And I possessed an adventurous mind.
The main feature of adventure is that it goes forward into unknown country.
Adventure is filled with a nameless joy.
Alone in my room in the middle of Saturday, on later occasions after my return from
school, I removed my clothes and placed them neatly on my bed. (My canopied bed.) I had no
feelings, apart from a sense of urgency, concerning the actions I was about to perform.

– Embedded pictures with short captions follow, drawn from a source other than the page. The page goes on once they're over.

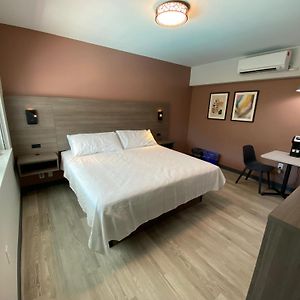 King Room Newly Renovated Building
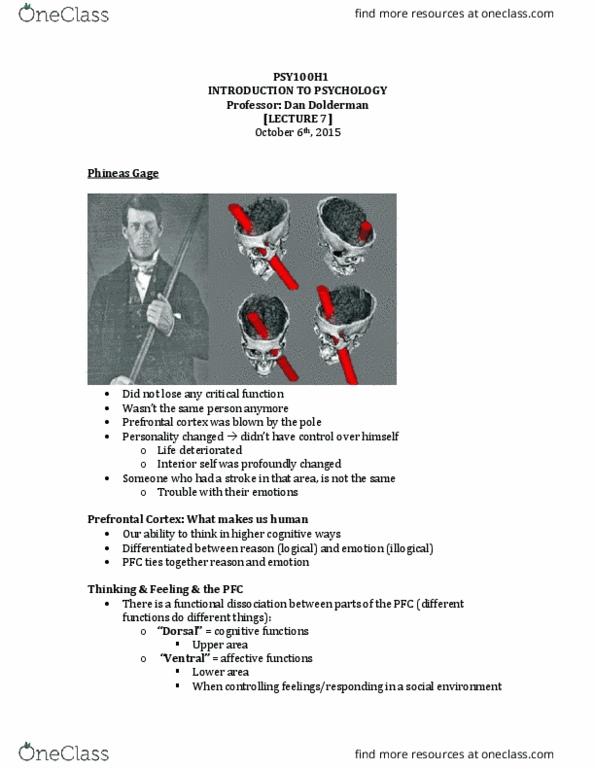PSY100H1 Lecture Notes - Lecture 2: Phineas Gage thumbnail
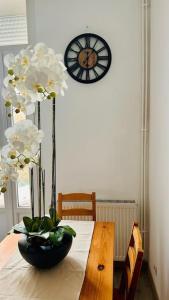 Appartements Celine Appart : photos des chambres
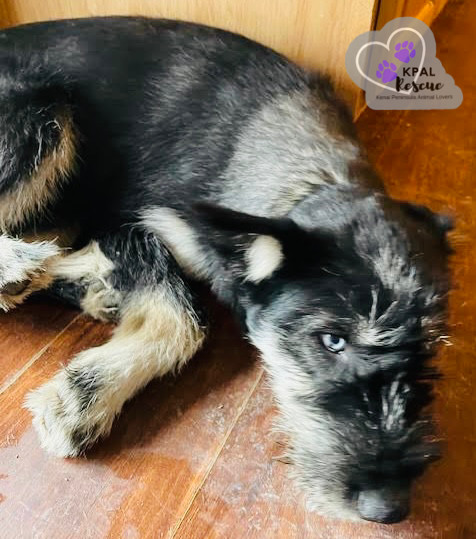 Martha May - The Grinch Litter, an adoptable Husky, Airedale Terrier in Kenai, AK, 99611 | Photo Image 4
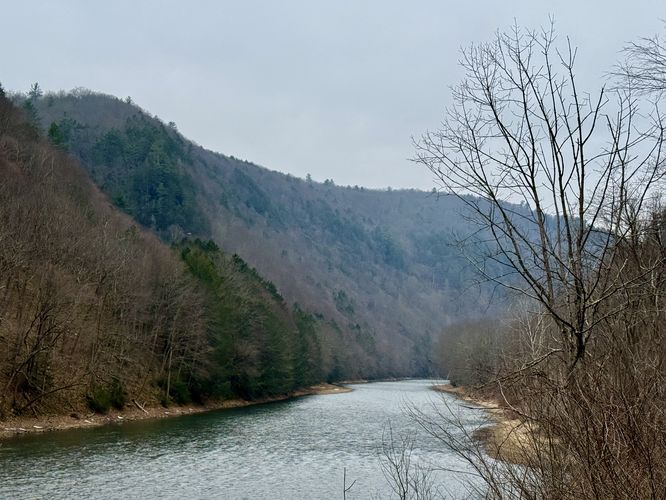 View of Pine Creek and the steep walls of the gorge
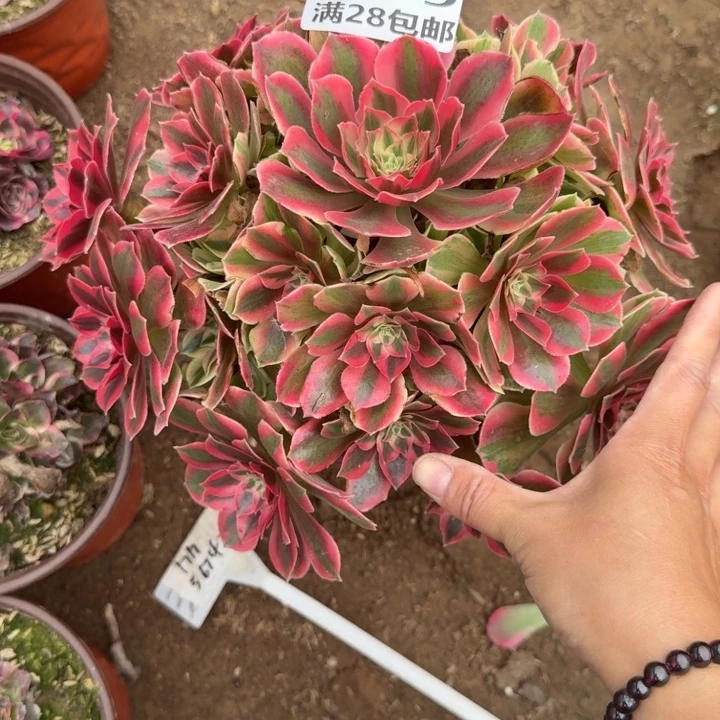 1099二号棚女妖多肉A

Perhaps I experienced a nameless joy at this point. Later on, at the culmination of my
self-display, I experienced a nameless joy. And later yet, I experienced the same nameless
joy at the conclusions of my various adventures in art. In each of these adventures as in
the first, I created responses not traceable within the artwork, but which derived from
the conditions, etc., of the audience. Alone and unclothed now in my room, ready to create
responses, I squatted on my heels and squeezed out onto the carpet a long cylinder of
fecal matter, the residue of, dinner not included, an entire loaf of seven-grain bread,
half a box of raisins, a can of peanuts, and a quarter pound of cervelat sausage, all
consumed when everyone else was in bed and Zena was presumably leaning over the face of my
sleeping father, greedily inhaling his life. I picked up the warm cylinder and felt it
melt into my hands. I hastened this process by squeezing my palms together. Then I rubbed
my hands over my body. What remained of the stinking cylinder I smeared along the walls of
the bedroom. Then I wiped my hands on the carpet. (The white carpet.) My preparations
concluded, I moved regally through the corridors until I reached the front door and let
myself out.
I have worked as a certified grade-school teacher in three states. My record is spotless.
I never left a school except by my own choice.
When tragedies came to my charges or their parents, I invariably sent sympathetic notes,
joined volunteer groups to search for bodies, attended funerals, etc., etc. Every teacher
eventually becomes familiar with these unfortunate duties.
Outside, there was all the world, at least all of the estate, from which to choose. Two
lines from Edna St. Vincent Millay best express my state of mind at this moment: The world
stands out on either side/ No wider than the heart is wide. I well remember the
much-admired figure of Dave Garroway quoting these lovely words on his Sunday-afternoon
television program, and I pass along this beautiful sentiment to each fresh class of
kindergartners. They must start somewhere, and at other moments in their year with me they
will have the opportunity to learn that nature never gives you a chance to rest. Every
animal on earth is hungry.
Turning my back on the fields of grazing cows and sheep, ignoring the hills beyond, hills
seething with coyotes, wildcats, and mountain lions, I moved with stately tread through
the military rows of fruit trees and, with papery, apple and peach blossoms adhering to my
bare feet, passed into the expanse of the grass meadow where grew the great hazel tree.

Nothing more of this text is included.